__Provided data__.
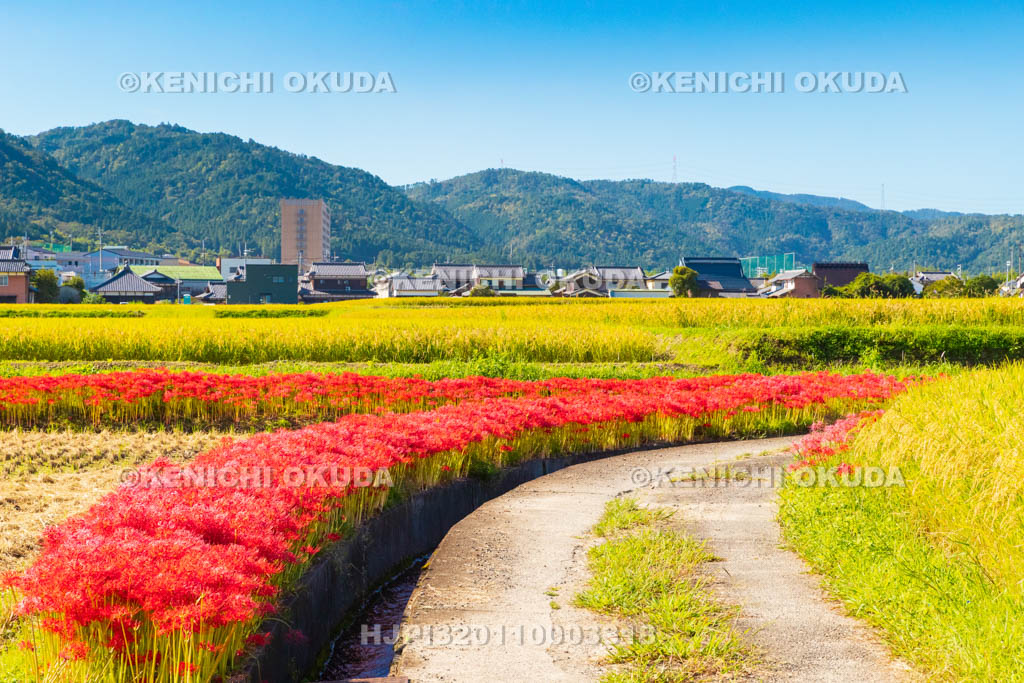 京都府　穴太の里　彼岸花
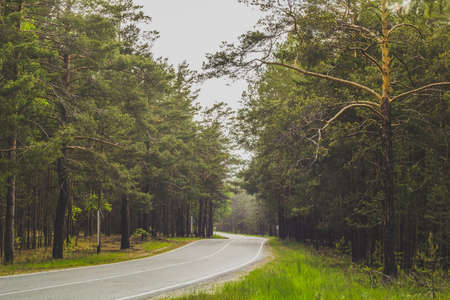 winding road in the pine forest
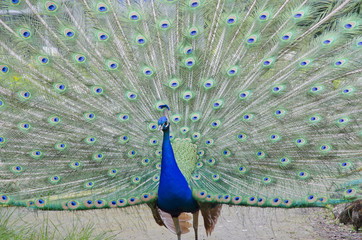 Obraz premium blue peafowl
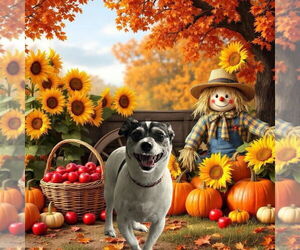 Jack Russell Terrier Dogs for adoption in Gulfport, MI, USA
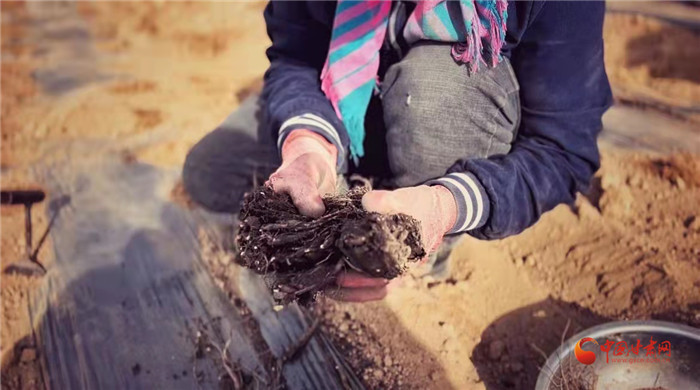 【隴拍客】好消息！榆中縣馬坡鄉(xiāng)在高海拔的馬銜山山麓種植1500畝當(dāng)歸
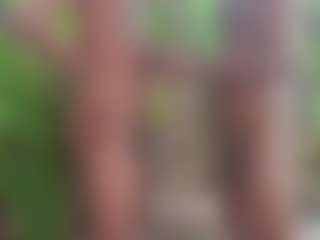 Outdoorgaysex's Live Sex Cam Show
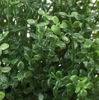 Picture of FEJKA Artificial potted plant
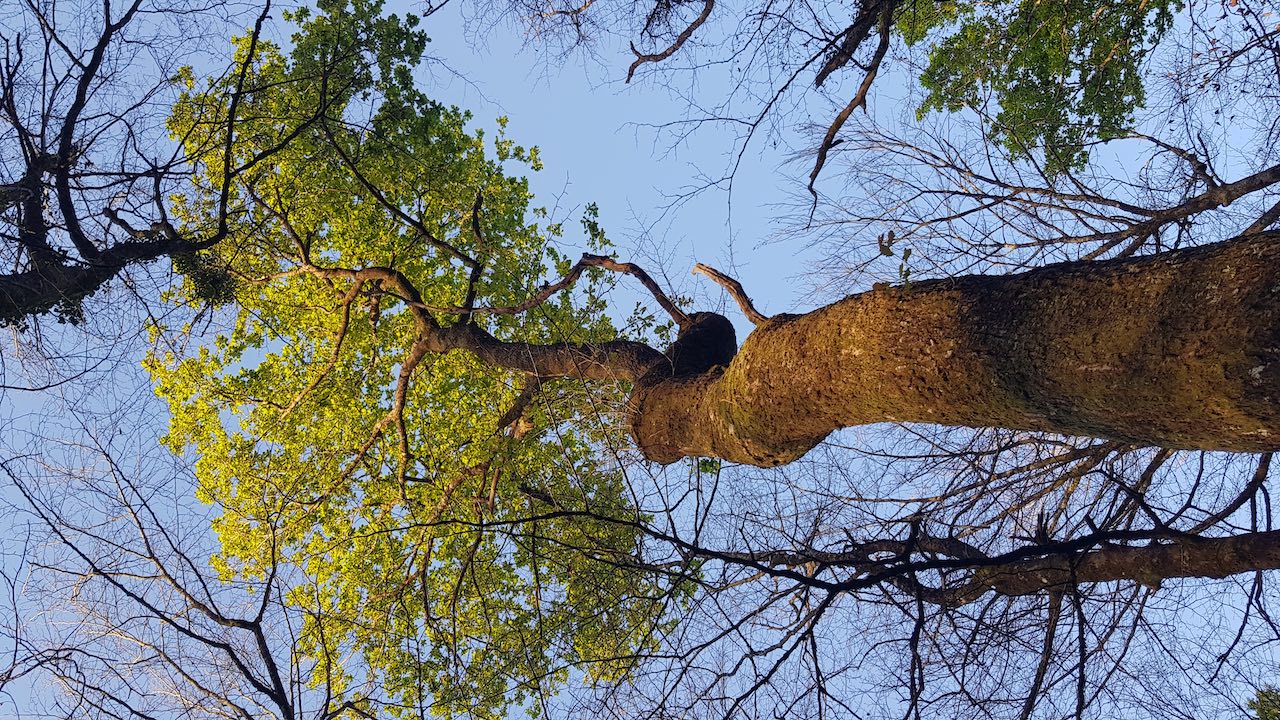 Un week-end forestier à Gurs !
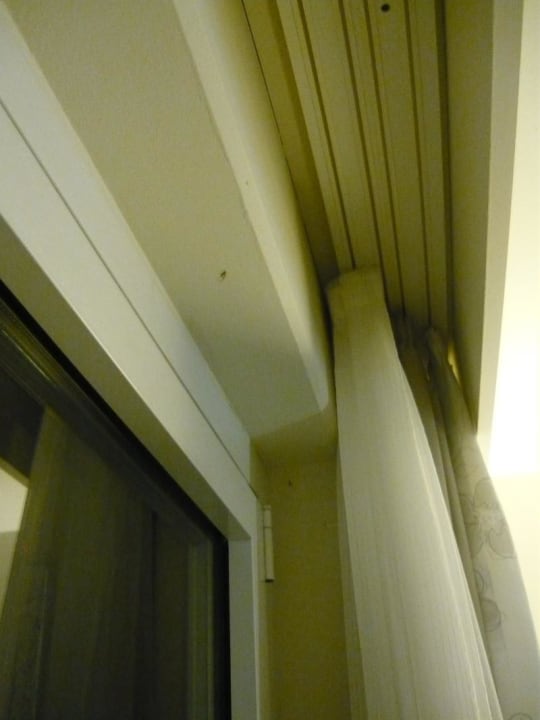 "Insektenleichen" Estrel Hotel Berlin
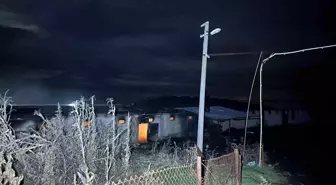 Uşak'ta boş tavuk çiftliğinde çıkan yangın korkuttu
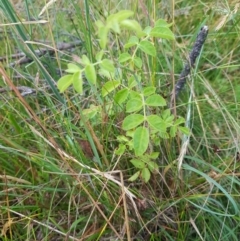 Rosa rubiginosa at Tinderry, NSW - 6 Feb 2023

__Problem requirements__.
Return each line of the data, keeping its wording exact and omitting pictures.

__Finished task__.
 京都府　穴太の里　彼岸花
 winding road in the pine forest
 Obraz premium blue peafowl
 Jack Russell Terrier Dogs for adoption in Gulfport, MI, USA
 【隴拍客】好消息！榆中縣馬坡鄉(xiāng)在高海拔的馬銜山山麓種植1500畝當(dāng)歸
 Outdoorgaysex's Live Sex Cam Show
 Picture of FEJKA Artificial potted plant
 Un week-end forestier à Gurs !
 "Insektenleichen" Estrel Hotel Berlin
 Uşak'ta boş tavuk çiftliğinde çıkan yangın korkuttu
 Rosa rubiginosa at Tinderry, NSW - 6 Feb 2023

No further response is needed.